■ EXTRACTED ENTRIES ■
=======

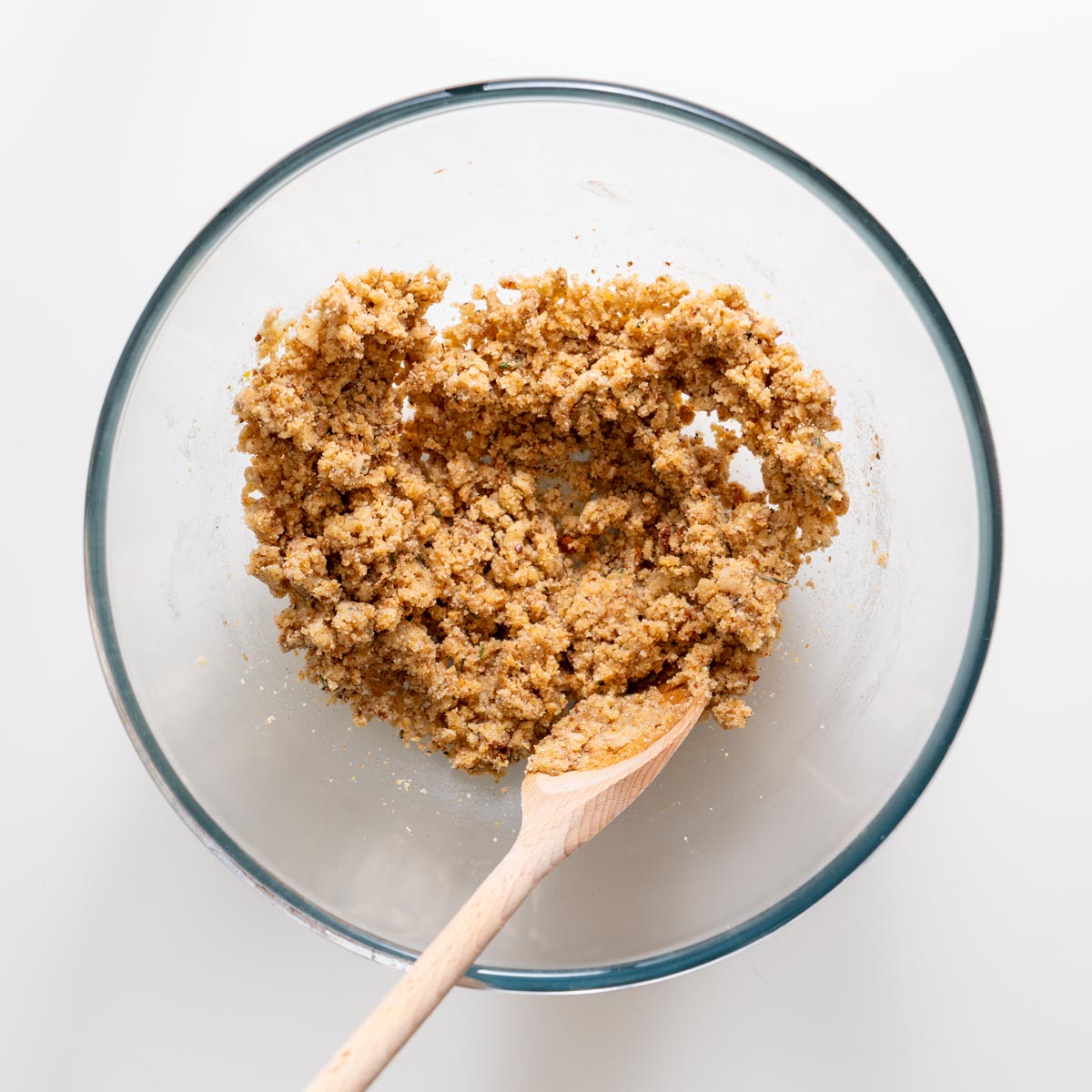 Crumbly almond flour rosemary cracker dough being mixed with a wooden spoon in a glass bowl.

=======

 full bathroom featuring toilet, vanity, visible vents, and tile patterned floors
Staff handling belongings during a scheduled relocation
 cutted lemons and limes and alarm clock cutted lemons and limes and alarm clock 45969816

=======

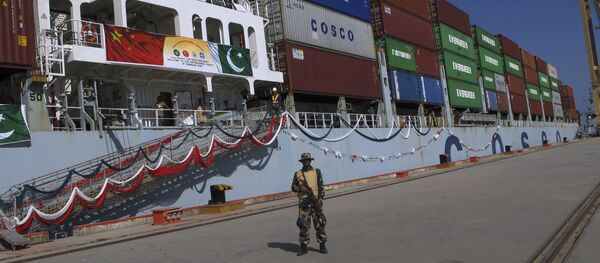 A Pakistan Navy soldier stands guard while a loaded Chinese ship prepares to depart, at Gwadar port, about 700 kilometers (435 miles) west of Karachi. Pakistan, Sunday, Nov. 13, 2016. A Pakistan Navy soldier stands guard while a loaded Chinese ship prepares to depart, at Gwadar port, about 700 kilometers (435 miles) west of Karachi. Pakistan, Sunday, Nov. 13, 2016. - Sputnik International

=======

■ EXERCISE DETAILS ■
Reproduce verbatim the lines above, from the line with "Staff handling belongings" through the line with "cutted lemons and limes and alarm clock cutted".

■ SOLVED PROBLEM ■
Staff handling belongings during a scheduled relocation
 cutted lemons and limes and alarm clock cutted lemons and limes and alarm clock 45969816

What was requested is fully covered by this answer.